### [EXERCISE DESCRIPTION]
Reproduce the data exactly as given, except for any images.

### [DATA EXCERPT]
• • • • •
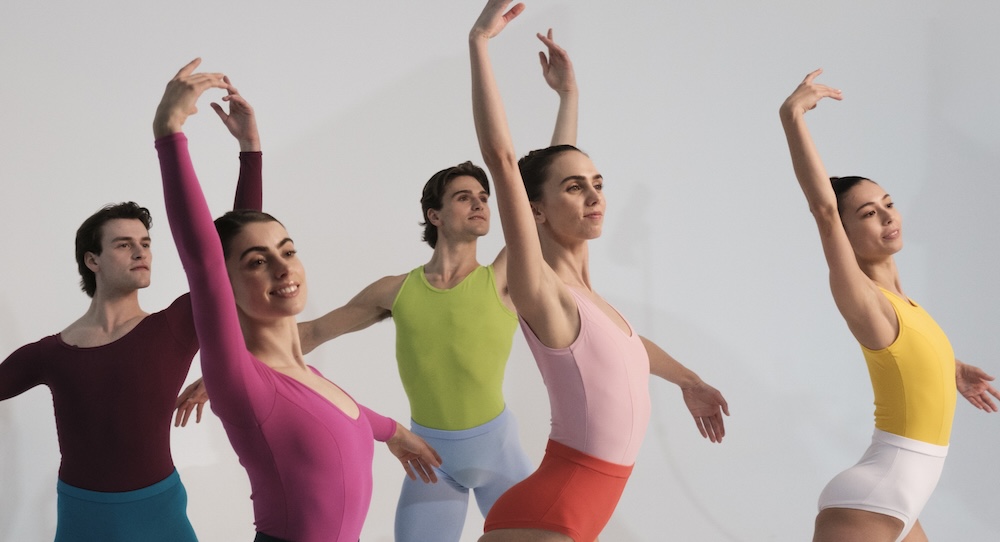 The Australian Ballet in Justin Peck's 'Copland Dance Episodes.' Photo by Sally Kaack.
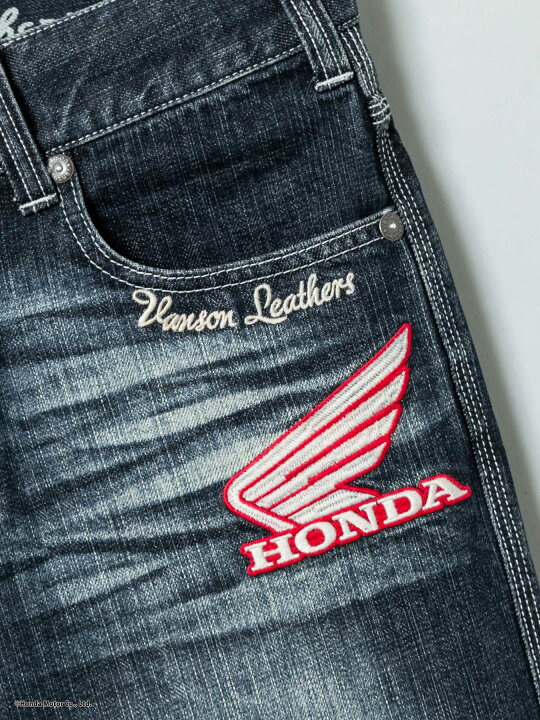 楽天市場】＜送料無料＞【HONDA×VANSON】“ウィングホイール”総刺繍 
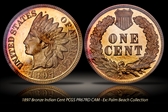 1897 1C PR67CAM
• • • • •
### [EXERCISE OUTPUT]
 The Australian Ballet in Justin Peck's 'Copland Dance Episodes.' Photo by Sally Kaack.
 楽天市場】＜送料無料＞【HONDA×VANSON】“ウィングホイール”総刺繍 
 1897 1C PR67CAM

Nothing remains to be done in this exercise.